- **Task to carry out**: Locate, in the data below, the line that contains "For LG Stylo" and the line that contains "Lucius 1.95m Black"; reproduce exactly those two lines and every line between them, nothing more.

═════ The data ═════

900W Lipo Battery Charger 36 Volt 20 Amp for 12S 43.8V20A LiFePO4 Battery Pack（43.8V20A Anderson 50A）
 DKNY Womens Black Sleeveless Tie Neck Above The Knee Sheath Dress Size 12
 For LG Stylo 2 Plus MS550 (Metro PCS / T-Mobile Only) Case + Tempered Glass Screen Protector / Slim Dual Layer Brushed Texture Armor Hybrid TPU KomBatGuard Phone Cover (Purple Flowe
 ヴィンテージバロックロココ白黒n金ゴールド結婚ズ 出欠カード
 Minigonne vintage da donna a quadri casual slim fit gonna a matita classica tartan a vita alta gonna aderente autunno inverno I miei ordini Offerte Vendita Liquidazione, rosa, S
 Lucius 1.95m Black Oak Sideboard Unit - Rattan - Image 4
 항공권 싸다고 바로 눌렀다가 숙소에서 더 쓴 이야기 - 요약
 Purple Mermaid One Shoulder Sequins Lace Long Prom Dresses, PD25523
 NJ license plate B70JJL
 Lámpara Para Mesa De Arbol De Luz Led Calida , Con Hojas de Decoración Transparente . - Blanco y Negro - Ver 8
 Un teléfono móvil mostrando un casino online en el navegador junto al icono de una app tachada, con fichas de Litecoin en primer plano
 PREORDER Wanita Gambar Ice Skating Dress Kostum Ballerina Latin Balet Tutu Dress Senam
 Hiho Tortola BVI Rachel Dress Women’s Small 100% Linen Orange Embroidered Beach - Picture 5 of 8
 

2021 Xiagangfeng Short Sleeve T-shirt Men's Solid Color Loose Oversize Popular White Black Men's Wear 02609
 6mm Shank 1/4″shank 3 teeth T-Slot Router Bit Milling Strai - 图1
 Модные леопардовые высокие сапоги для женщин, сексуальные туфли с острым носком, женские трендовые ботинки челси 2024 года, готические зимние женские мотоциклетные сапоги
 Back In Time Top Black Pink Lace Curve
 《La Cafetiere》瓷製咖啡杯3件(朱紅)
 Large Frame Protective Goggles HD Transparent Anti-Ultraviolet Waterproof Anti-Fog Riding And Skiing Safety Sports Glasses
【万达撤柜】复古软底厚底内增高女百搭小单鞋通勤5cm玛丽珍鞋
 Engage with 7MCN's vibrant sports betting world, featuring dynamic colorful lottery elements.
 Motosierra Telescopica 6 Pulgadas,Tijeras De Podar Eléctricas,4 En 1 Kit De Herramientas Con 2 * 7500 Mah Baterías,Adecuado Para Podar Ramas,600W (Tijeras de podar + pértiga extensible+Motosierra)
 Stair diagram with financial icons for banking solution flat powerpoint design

═════

- **Written answer**:
 For LG Stylo 2 Plus MS550 (Metro PCS / T-Mobile Only) Case + Tempered Glass Screen Protector / Slim Dual Layer Brushed Texture Armor Hybrid TPU KomBatGuard Phone Cover (Purple Flowe
 ヴィンテージバロックロココ白黒n金ゴールド結婚ズ 出欠カード
 Minigonne vintage da donna a quadri casual slim fit gonna a matita classica tartan a vita alta gonna aderente autunno inverno I miei ordini Offerte Vendita Liquidazione, rosa, S
 Lucius 1.95m Black Oak Sideboard Unit - Rattan - Image 4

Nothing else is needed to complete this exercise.